** INPUT RECORDS follows **
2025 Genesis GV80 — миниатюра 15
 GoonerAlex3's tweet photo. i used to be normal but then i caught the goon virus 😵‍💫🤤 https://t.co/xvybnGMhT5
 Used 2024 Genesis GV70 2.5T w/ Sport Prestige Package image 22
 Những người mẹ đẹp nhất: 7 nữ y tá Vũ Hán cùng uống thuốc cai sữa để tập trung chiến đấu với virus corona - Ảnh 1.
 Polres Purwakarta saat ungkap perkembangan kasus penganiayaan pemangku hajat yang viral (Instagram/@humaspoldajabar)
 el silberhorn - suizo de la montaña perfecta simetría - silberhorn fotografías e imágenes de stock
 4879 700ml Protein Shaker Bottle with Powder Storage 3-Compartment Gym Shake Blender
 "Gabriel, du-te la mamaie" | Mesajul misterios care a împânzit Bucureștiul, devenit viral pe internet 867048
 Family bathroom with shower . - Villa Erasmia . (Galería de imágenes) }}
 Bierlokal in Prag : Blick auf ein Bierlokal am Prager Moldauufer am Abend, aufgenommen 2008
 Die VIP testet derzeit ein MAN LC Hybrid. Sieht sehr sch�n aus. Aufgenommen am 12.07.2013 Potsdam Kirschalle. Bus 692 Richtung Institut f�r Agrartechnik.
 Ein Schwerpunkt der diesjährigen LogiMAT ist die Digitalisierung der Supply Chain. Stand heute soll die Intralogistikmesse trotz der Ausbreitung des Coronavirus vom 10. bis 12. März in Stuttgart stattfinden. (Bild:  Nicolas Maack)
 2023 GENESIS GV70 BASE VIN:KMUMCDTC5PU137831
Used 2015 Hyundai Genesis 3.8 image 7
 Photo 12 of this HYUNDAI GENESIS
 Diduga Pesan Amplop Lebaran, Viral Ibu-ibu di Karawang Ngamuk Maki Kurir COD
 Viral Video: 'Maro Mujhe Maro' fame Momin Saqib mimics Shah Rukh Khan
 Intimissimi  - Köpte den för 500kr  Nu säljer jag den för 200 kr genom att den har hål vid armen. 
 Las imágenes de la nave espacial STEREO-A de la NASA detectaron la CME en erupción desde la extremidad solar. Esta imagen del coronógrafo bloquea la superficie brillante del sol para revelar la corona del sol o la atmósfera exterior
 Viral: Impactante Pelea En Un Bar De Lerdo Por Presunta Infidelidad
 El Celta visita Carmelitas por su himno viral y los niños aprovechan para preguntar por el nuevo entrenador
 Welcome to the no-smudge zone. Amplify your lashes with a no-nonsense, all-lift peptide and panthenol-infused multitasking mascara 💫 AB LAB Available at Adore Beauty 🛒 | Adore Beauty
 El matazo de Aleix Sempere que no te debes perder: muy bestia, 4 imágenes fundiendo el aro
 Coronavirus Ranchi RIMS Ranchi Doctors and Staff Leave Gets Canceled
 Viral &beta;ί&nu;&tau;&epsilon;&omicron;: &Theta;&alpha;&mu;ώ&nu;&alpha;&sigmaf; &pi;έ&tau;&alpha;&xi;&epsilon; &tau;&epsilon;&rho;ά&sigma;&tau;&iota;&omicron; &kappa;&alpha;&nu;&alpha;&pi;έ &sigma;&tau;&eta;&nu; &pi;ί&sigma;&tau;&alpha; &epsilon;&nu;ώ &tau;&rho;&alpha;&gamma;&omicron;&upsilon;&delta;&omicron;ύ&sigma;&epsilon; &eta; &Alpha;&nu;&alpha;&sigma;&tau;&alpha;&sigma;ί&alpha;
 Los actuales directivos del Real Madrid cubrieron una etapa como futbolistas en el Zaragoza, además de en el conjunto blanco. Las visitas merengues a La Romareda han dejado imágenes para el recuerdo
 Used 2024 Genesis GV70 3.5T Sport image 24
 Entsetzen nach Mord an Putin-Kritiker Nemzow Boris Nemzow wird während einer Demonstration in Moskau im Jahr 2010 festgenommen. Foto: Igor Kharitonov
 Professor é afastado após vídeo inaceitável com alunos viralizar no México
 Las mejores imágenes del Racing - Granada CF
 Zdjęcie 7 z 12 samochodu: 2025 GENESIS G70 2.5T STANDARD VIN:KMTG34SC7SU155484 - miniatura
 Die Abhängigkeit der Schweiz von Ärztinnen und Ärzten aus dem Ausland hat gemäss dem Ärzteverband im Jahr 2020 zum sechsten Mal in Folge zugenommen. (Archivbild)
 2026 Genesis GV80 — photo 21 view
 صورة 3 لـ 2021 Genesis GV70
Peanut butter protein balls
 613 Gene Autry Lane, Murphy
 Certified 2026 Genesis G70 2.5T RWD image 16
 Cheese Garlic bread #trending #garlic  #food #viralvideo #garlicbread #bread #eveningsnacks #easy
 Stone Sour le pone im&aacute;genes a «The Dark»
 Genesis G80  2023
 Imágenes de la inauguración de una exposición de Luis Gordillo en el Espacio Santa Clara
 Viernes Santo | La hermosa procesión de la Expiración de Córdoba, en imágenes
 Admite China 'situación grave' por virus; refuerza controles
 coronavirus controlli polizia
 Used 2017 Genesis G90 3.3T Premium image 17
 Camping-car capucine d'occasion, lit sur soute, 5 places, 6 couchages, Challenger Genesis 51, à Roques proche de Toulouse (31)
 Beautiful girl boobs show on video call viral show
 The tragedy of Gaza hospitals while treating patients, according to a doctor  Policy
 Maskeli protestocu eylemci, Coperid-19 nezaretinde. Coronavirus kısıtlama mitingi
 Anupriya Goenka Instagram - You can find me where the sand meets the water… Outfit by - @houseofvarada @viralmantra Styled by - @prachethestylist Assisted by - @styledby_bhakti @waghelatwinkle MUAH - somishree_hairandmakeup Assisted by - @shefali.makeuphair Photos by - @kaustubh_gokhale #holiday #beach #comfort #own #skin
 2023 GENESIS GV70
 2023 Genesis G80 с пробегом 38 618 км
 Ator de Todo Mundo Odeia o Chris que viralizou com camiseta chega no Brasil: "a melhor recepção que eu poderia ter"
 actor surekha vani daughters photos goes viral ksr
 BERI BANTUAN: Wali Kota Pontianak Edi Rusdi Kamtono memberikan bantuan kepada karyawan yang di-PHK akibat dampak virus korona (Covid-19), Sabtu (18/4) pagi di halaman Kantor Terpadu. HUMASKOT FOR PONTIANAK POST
** End of INPUT RECORDS **
TASK REQUIREMENTS – Transcribe the records above from the line holding "GoonerAlex3's tweet photo." down to the line holding "Viral: Impactante Pelea", inclusive, without adding anything.

ANSWER SECTION –
 GoonerAlex3's tweet photo. i used to be normal but then i caught the goon virus 😵‍💫🤤 https://t.co/xvybnGMhT5
 Used 2024 Genesis GV70 2.5T w/ Sport Prestige Package image 22
 Những người mẹ đẹp nhất: 7 nữ y tá Vũ Hán cùng uống thuốc cai sữa để tập trung chiến đấu với virus corona - Ảnh 1.
 Polres Purwakarta saat ungkap perkembangan kasus penganiayaan pemangku hajat yang viral (Instagram/@humaspoldajabar)
 el silberhorn - suizo de la montaña perfecta simetría - silberhorn fotografías e imágenes de stock
 4879 700ml Protein Shaker Bottle with Powder Storage 3-Compartment Gym Shake Blender
 "Gabriel, du-te la mamaie" | Mesajul misterios care a împânzit Bucureștiul, devenit viral pe internet 867048
 Family bathroom with shower . - Villa Erasmia . (Galería de imágenes) }}
 Bierlokal in Prag : Blick auf ein Bierlokal am Prager Moldauufer am Abend, aufgenommen 2008
 Die VIP testet derzeit ein MAN LC Hybrid. Sieht sehr sch�n aus. Aufgenommen am 12.07.2013 Potsdam Kirschalle. Bus 692 Richtung Institut f�r Agrartechnik.
 Ein Schwerpunkt der diesjährigen LogiMAT ist die Digitalisierung der Supply Chain. Stand heute soll die Intralogistikmesse trotz der Ausbreitung des Coronavirus vom 10. bis 12. März in Stuttgart stattfinden. (Bild:  Nicolas Maack)
 2023 GENESIS GV70 BASE VIN:KMUMCDTC5PU137831
Used 2015 Hyundai Genesis 3.8 image 7
 Photo 12 of this HYUNDAI GENESIS
 Diduga Pesan Amplop Lebaran, Viral Ibu-ibu di Karawang Ngamuk Maki Kurir COD
 Viral Video: 'Maro Mujhe Maro' fame Momin Saqib mimics Shah Rukh Khan
 Intimissimi  - Köpte den för 500kr  Nu säljer jag den för 200 kr genom att den har hål vid armen. 
 Las imágenes de la nave espacial STEREO-A de la NASA detectaron la CME en erupción desde la extremidad solar. Esta imagen del coronógrafo bloquea la superficie brillante del sol para revelar la corona del sol o la atmósfera exterior
 Viral: Impactante Pelea En Un Bar De Lerdo Por Presunta Infidelidad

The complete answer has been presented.